Poetry: A Sunday Afternoon On the Island of La Grande Jatte in the City of Columbus by Patricia Miranda

We love the pace that Patricia Miranda builds in “A Sunday Afternoon”—she packs the single stanza with delicate humor and a theatrical rush. Too easily we see the speaker as ourselves, clumsily reversing through a day of mishandled opportunity and awkward moments. Miranda has dragged forth a collective daydream with wit and freshness that ultimately leaves us wishing we had written this one ourselves.
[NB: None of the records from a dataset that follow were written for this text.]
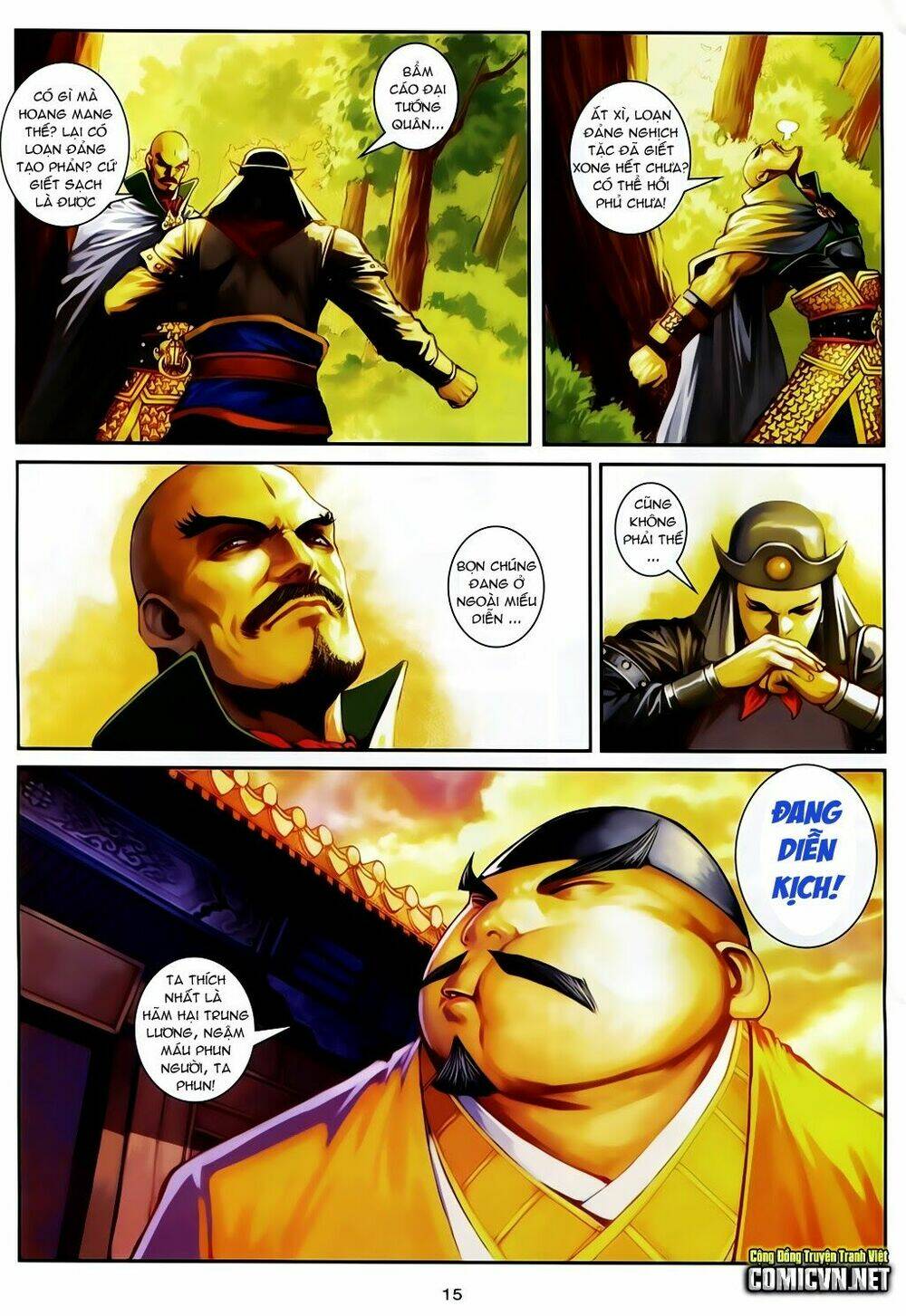 tân tác tứ đại danh bổ chapter 6 15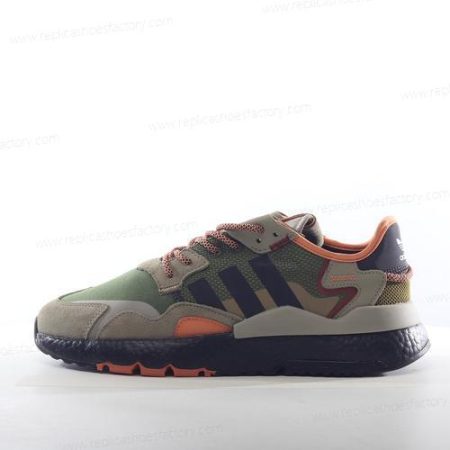 Replica Adidas Nite Jogger Men’s and Women’s Shoes ‘Brown Dark Green’ GY0018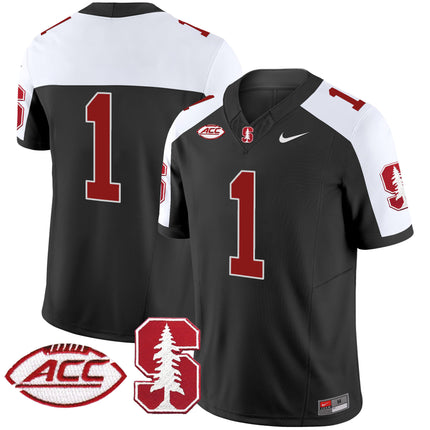 Men's Stanford Cardinal 2024 ACC Patch Vapor Limited Jersey - All Stitched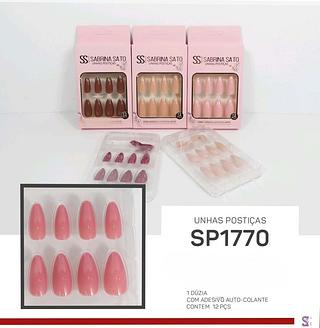 Sabrina sato unhas box 12 pc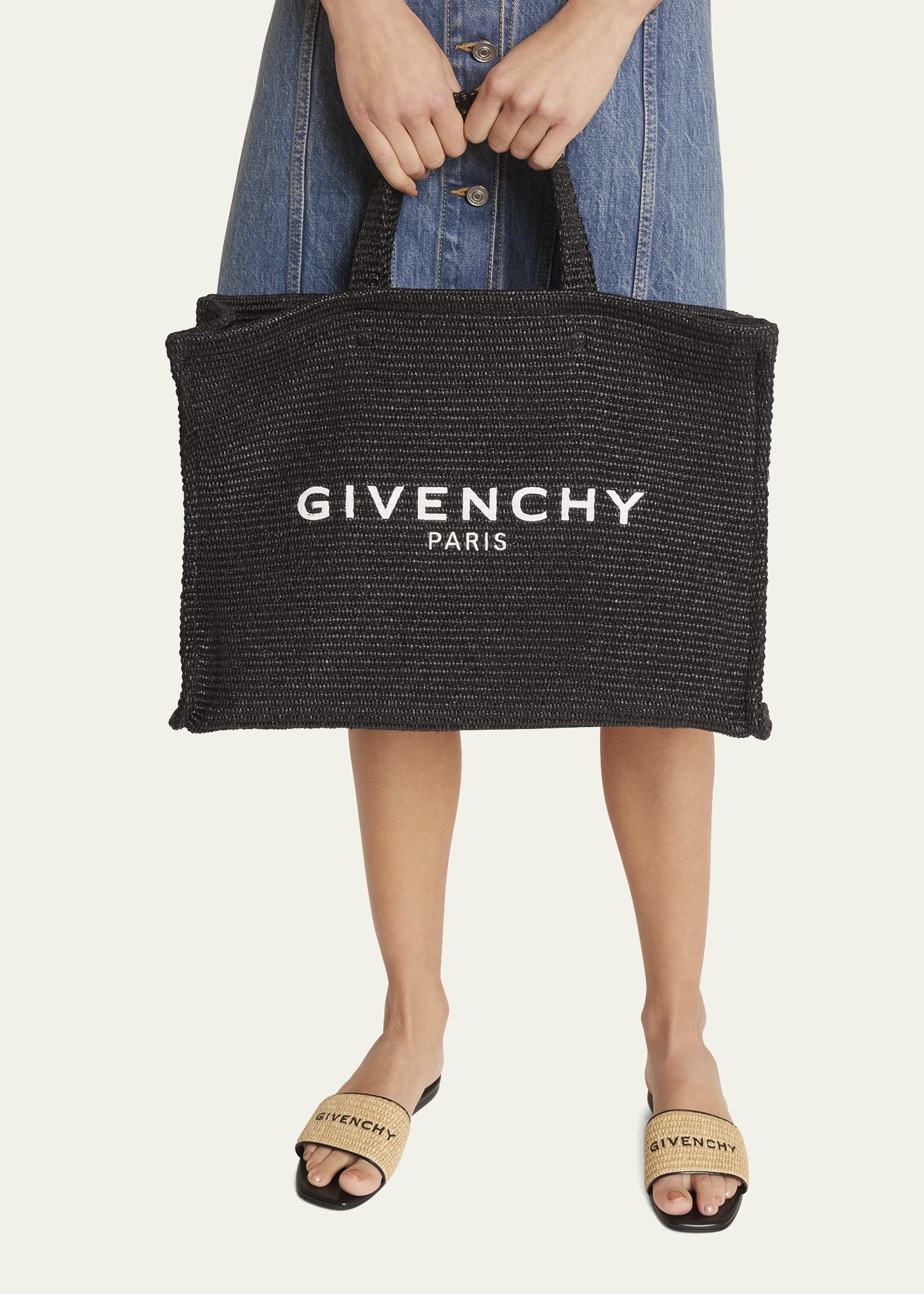 Givenchy Mini G Tote Bag in Leather - Bergdorf Goodman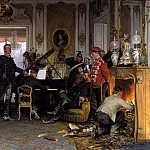 Эрнст Хильдебранд - Вернер, Антон фон (1843-1915) - Военные на постое в пригороде Парижа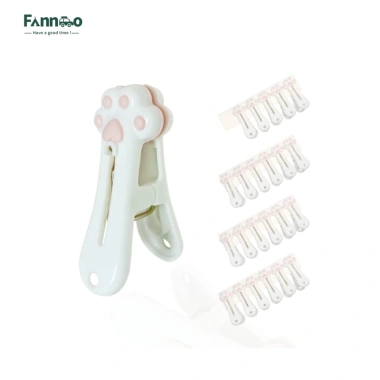 Kẹp quần áo nhựa Fanngo Cat Claw 24 gói – Không dấu vết, dễ thương, đa năng niêm phong thực phẩm & quần áo, chống trượt, giá chỉ 60.500₫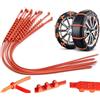 Generico Fascette per Pneumatici per la Neve, Fascetta in Nylon, Fascetta per Pneumatici da Neve dell'auto, Catene antineve riutilizzabili dell'auto (30 PCS)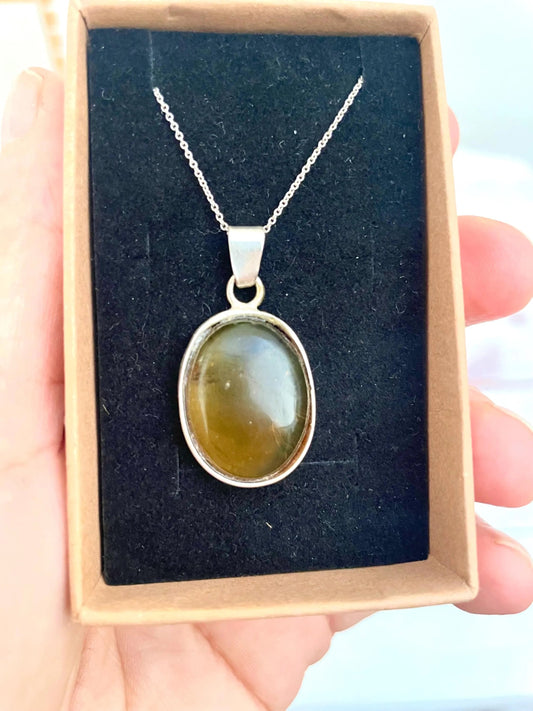 Colgante de Ámbar de México en plata 926 khamali Shop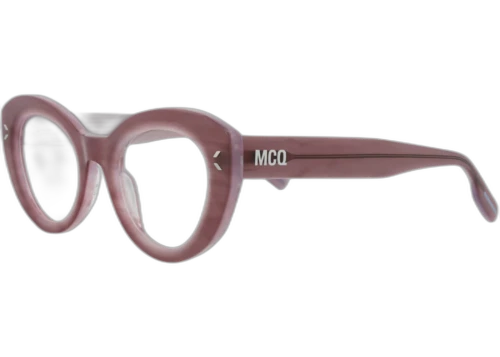 McQ Alexander McQueen Cat Eye Optical Frames Violet Violet Transparent (MQ0364O-30013603-003)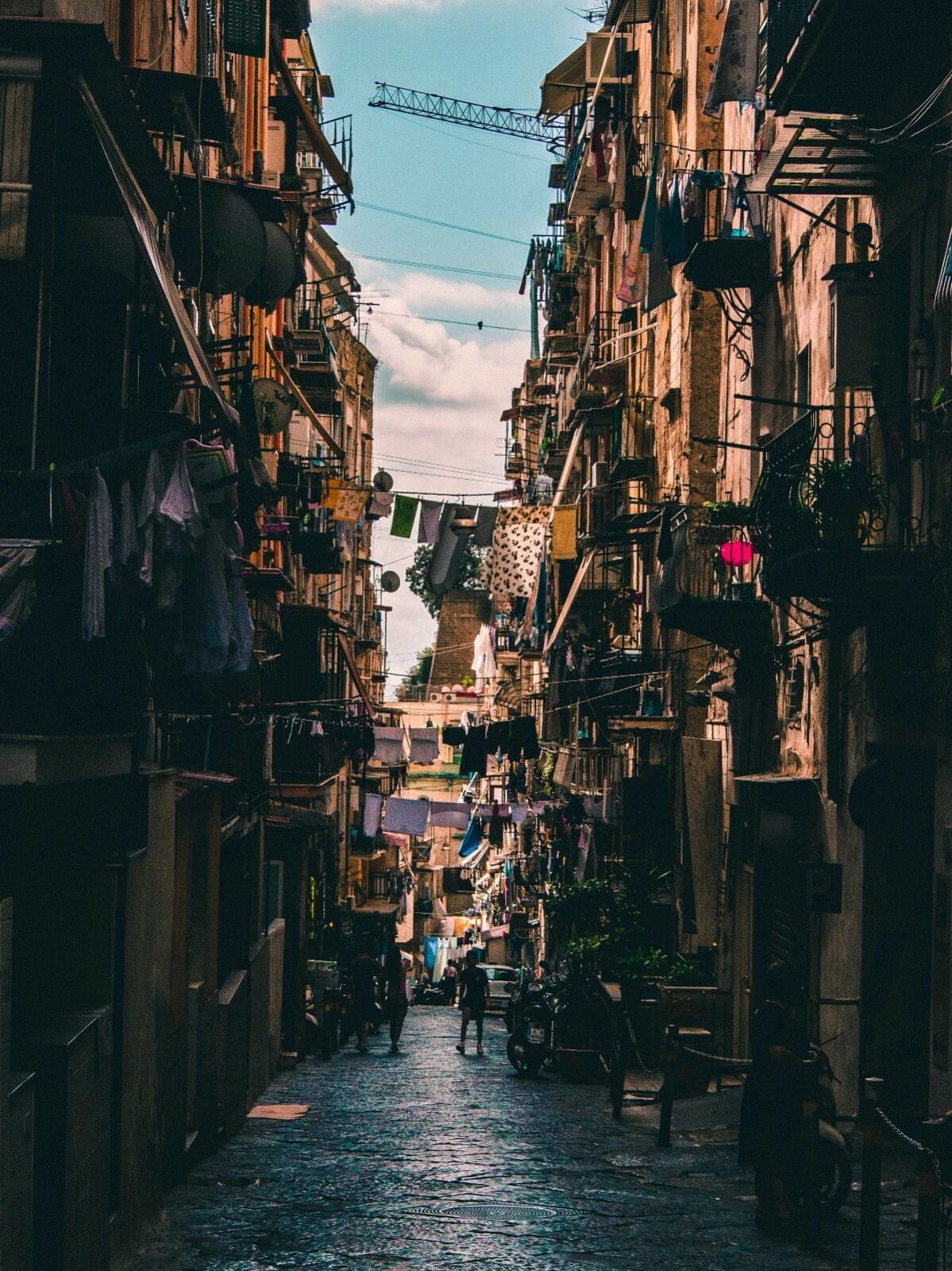 Alley In Naples Italy Italian City Europe Poster Picture Photo Print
You can’t recall how many times
you’ve walked into a conversation
only to wish you could back out—
backward through the crowd, dragging
wisps of chatter with you, backward
through the double doors and out
into the hall, twenty paces
to the place where smokers huddle
to share fresh air, and backward still
through the concourse and toward the park
on Town Street where the topiary
sculptures of Seurat’s Sunday Afternoon
sun themselves as you sidestep the posies
parasols and shadows littering
the Isle, but still you falter backward,
backward past the pug and monkey
who (though late to the picnic) still want
the mongrel’s fare, but you can’t spare
a backward glance, for now
there’s the wired girl in brimmed hat,
held fast by the faceless nanny,
and, this time, you pause to wonder
if reversal is really possible and if regret
could be counterforce enough—but now
the bugler is sounding and the crew is pulling out
and the river is there too, beckoning you backward,
its pointillated chill caressing
your ankles hips and heart,
the silence so strong
that as you wade farther out,
farther and backward,
you somehow snag a tiny piece,
even as the tide sweeps you off the curb
and into the rush of traffic,
the cars somehow knowing
not to hit the guy who’s stumbling,
stumbling backward
and still not completely free,
still backing into conversations
and hoping to say the right thing
and, this time, really mean it.



Patricia Miranda

Patricia Jacaban Miranda lives in Columbus, Ohio, where she teaches high school English and where there really is a topiary garden based on Georges Seurat's famous painting. Her poems have been featured or are forthcoming in aptBop Dead CityDASHHeron TreeHyphenInto the VoidKitaabMount HopeRise Up Review, and several other literary journals. Her children's book debut with husband-illustrator, Chris O'Leary, will be published by Albert Whitman in 2019.